# YOUR OBJECTIVE
All lines from the one containing "Tigger 3 classic round sticker" through the final line of the records below should be reproduced exactly, with the pictures left out.

= = = = = = =

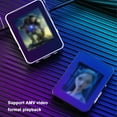 thumbnail image 4 of Mini MP3 Numérique Rechargeable Lecteur de Musique Portable Poche Course Sport Radio 128G Expansion Image Navigation Enregistreur Argent 4G, 4 of 9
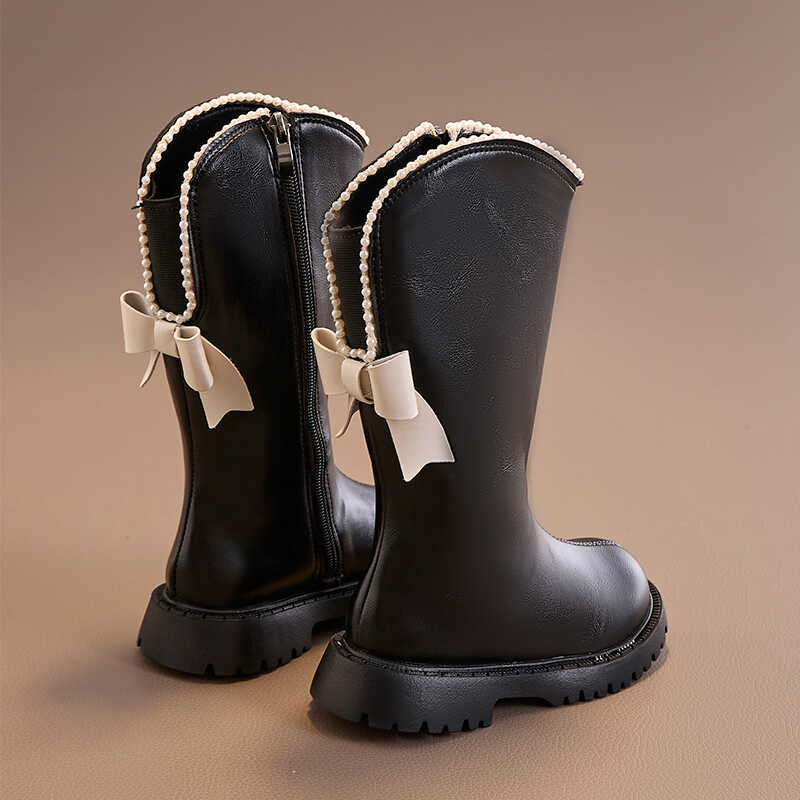 长筒靴加绒2025冬季新款儿童公主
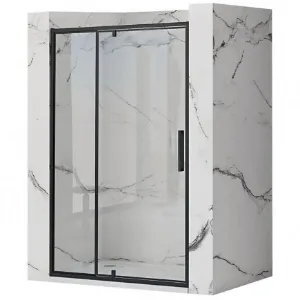 Obrazek Drzwi prysznicowe Rapid Swing 120x195 black Rea K6413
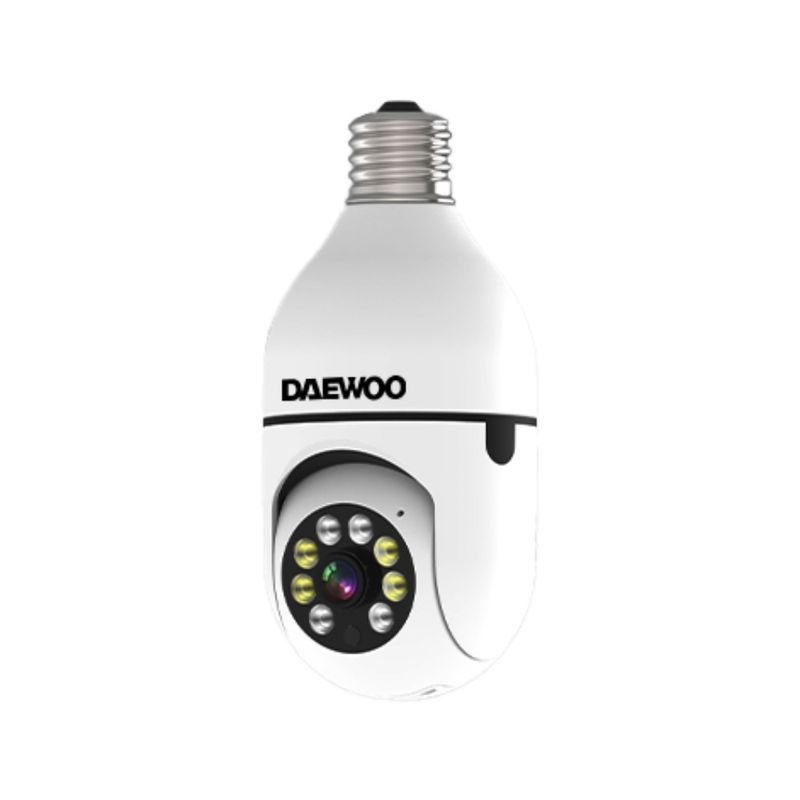 DAEWOO CAMARA SEGURIDAD TIPO AMPOLLETA E27  WI FI  PTZ INFRAROJA DETECCION MOVIMIENTO  DI-SC004
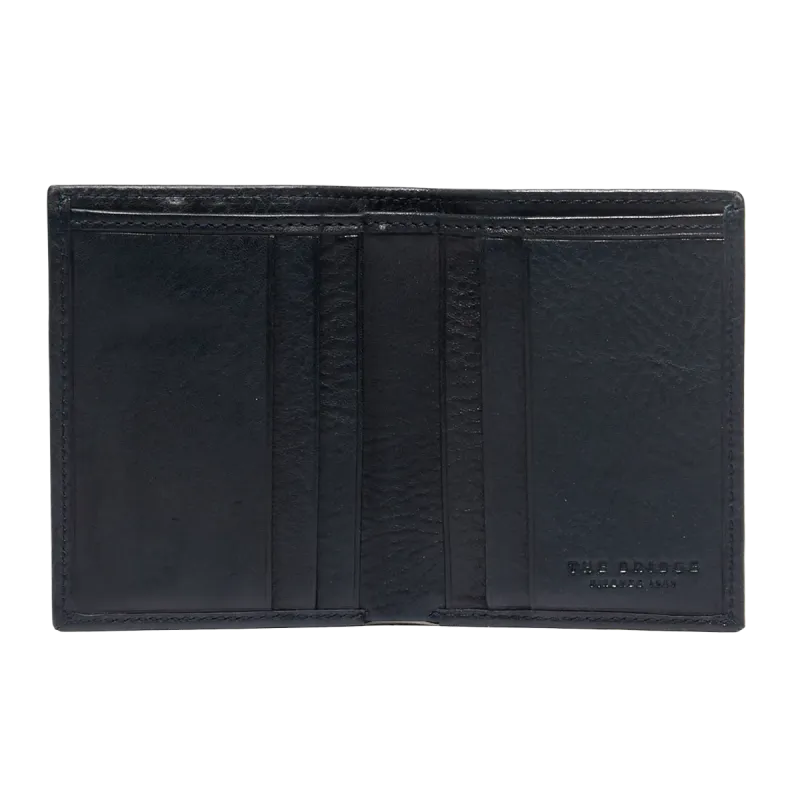 The Bridge Fabio small vertical men's wallet, black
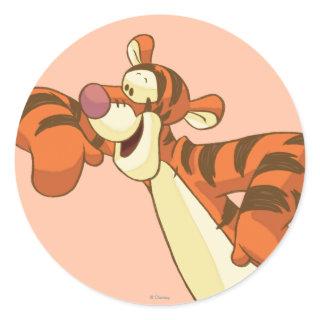 Tigger 3 classic round sticker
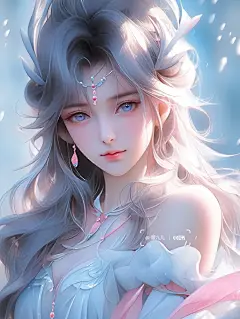 媚眼如丝丨粉蓝色系高清头像⭐壁纸分享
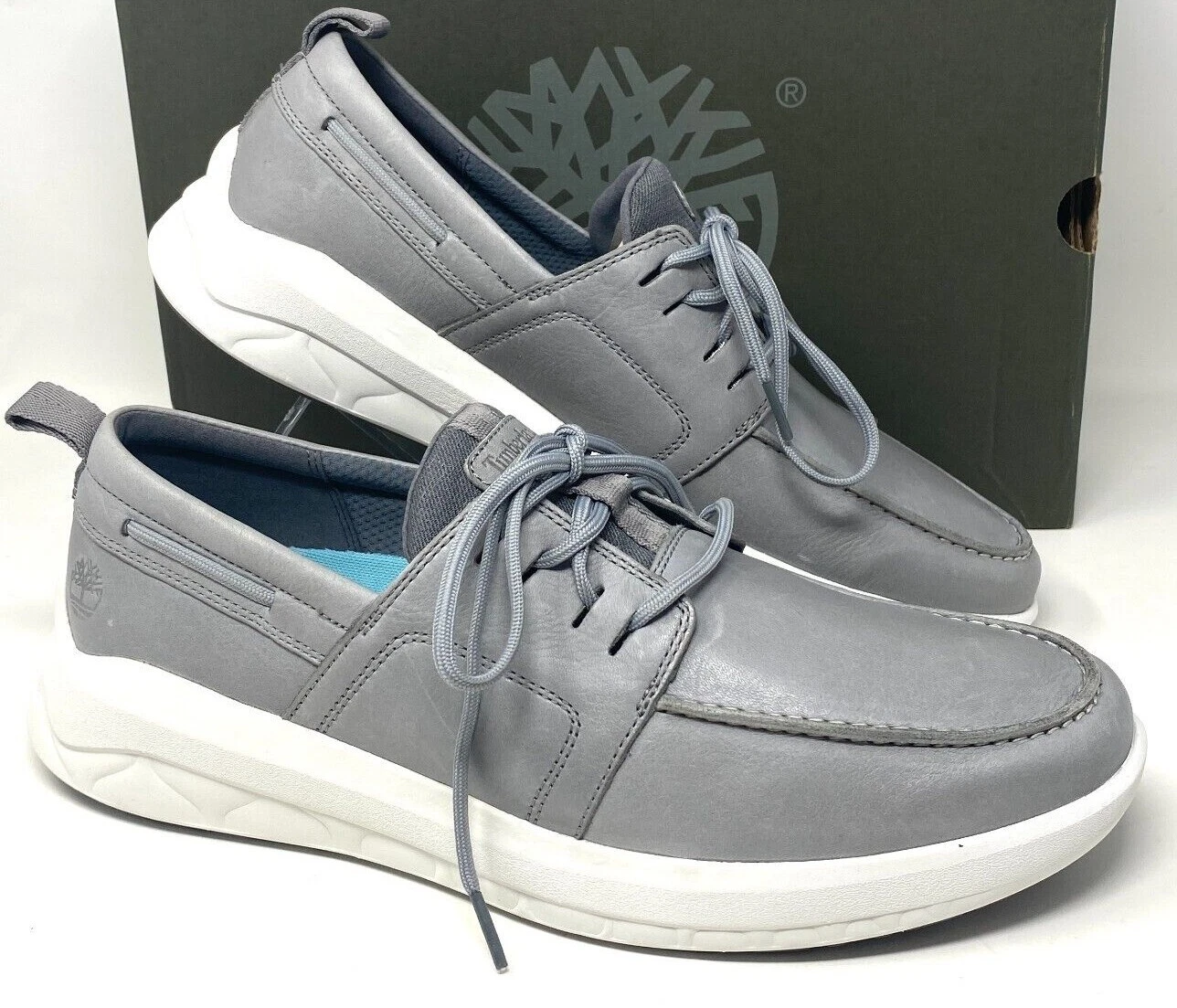 Timberland Bradstreet Ultra Oxford bianco grigio a grana piena da uomo taglia TB 0A42G1 085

= = = = = = =

# FINISHED TASK
 Tigger 3 classic round sticker
 媚眼如丝丨粉蓝色系高清头像⭐壁纸分享
 Timberland Bradstreet Ultra Oxford bianco grigio a grana piena da uomo taglia TB 0A42G1 085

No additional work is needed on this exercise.